Reducing card use can be easier said than done. Worksheet from U.S. consumer bureau provides one simple blueprint
Reading about ways to cut credit card spending is one thing. Remembering the rules during a busy day is something else.
On Monday the U.S. Consumer Financial Protection Bureau published a worksheet for consumers to build healthier habits of credit card use. Internalizing simple rules of thumb can be an effective way to control spending, research has found.“Consumers can use this worksheet to develop rules about their credit card spending that are based on their own personal financial situations, and commit to taking action,” the agency said in a statement.
By avoiding cards on purchases under $20 consumers can trim spending that builds card debt. The rule even has a catchphrase: “Don’t swipe the small stuff.” Since most consumers feel comfortable carrying up to $20 in cash, it should be possible to pay for relatively small items without adding to a revolving balance.

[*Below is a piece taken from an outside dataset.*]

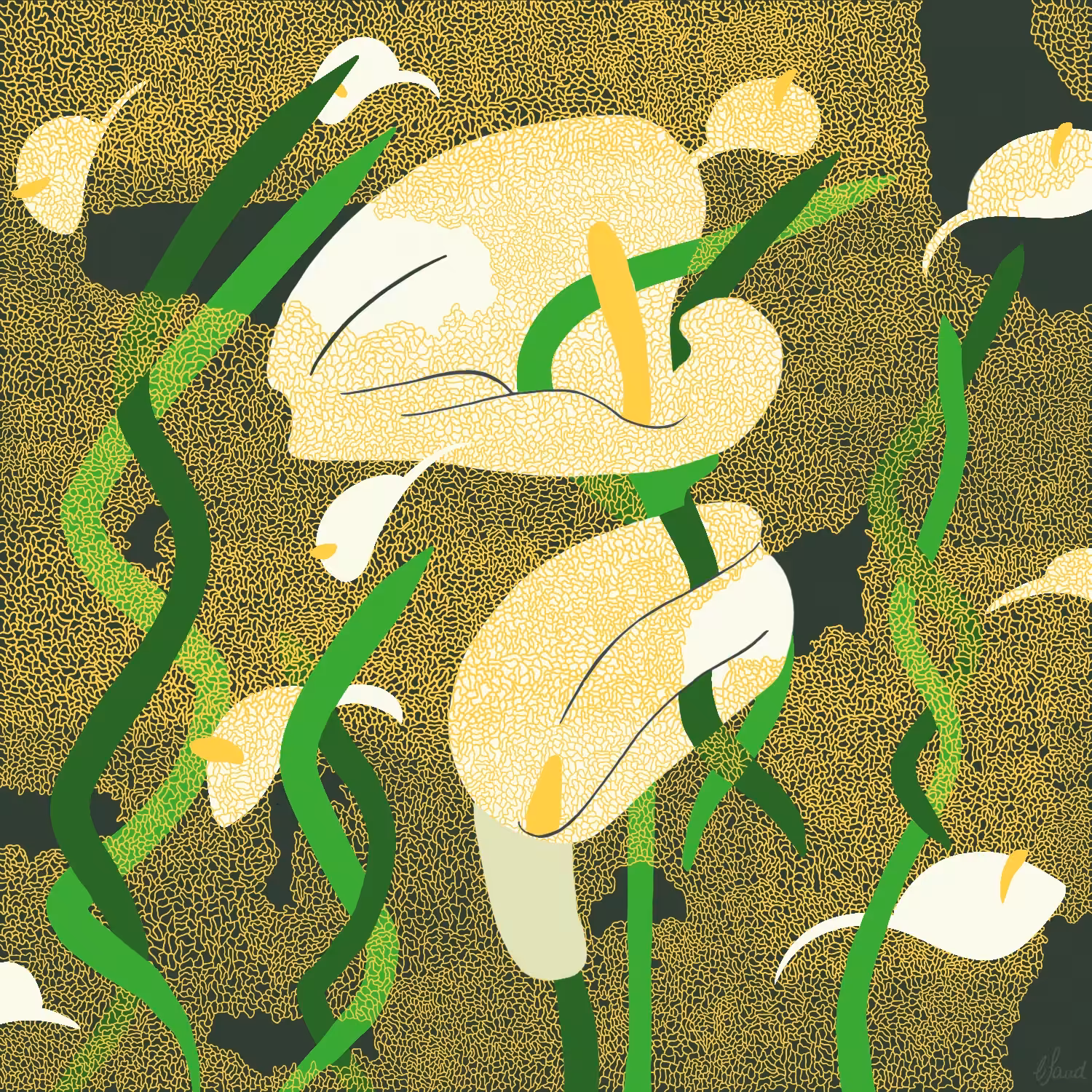 Arum-lily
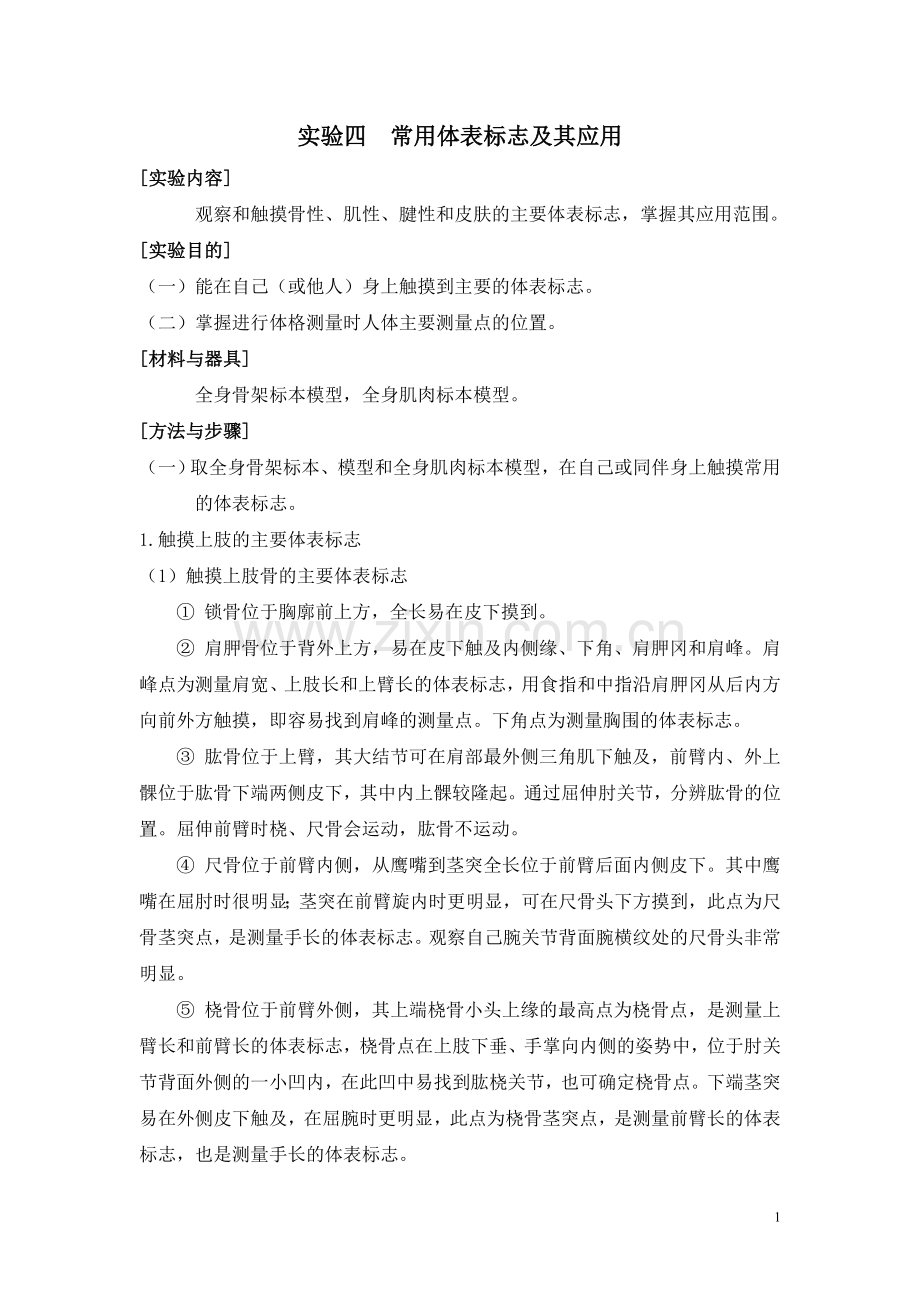 常用体表标志及其应用.doc_第1页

In case that is easier said than done, the worksheet walks you through an analysis of card spending to build specific tactics. By looking at the types of small purchases and the time of day, patterns can emerge that help control card use.
For example, if coffee is the culprit in small swipes, you can resolve to pay cash for the morning jolt and plan ahead. Other resolutions include paying cash once a month for taxis or gas, or going into cash-only mode after 8 p.m. on weekends.
Simple guidelines or rules of thumb “are a promising strategy to help simplify day-to-day decisions, such as managing credit card debt,” the CFPB said in a statement announcing the worksheet.
Dr. Barbara O’Neill, a finance professor at Rutgers Cooperative Extension in New Jersey, agreed that simple guidelines can be helpful. A better strategy with credit cards, however, is to pay the balance in full every month, or as much as possible, she said.
“For a person who has discipline and resources to set cash aside, they want to charge things in order to get rewards points,” O’Neill said.